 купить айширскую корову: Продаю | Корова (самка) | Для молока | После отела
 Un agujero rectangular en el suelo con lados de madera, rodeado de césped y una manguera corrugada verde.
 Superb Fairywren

########

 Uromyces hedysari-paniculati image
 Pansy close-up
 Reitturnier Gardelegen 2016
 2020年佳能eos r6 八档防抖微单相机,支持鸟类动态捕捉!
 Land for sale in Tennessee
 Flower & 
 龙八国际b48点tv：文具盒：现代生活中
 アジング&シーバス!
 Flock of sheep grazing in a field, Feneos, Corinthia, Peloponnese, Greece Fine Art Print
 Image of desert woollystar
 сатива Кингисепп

########

Would you output, from the records above, exactly the run of lines that starts at the line containing "2020年佳能eos r6 八档防抖微单相机,支持鸟类动态捕捉!" and ends at the line containing "сатива Кингисепп", and only that run?

[Written answer]
 2020年佳能eos r6 八档防抖微单相机,支持鸟类动态捕捉!
 Land for sale in Tennessee
 Flower & 
 龙八国际b48点tv：文具盒：现代生活中
 アジング&シーバス!
 Flock of sheep grazing in a field, Feneos, Corinthia, Peloponnese, Greece Fine Art Print
 Image of desert woollystar
 сатива Кингисепп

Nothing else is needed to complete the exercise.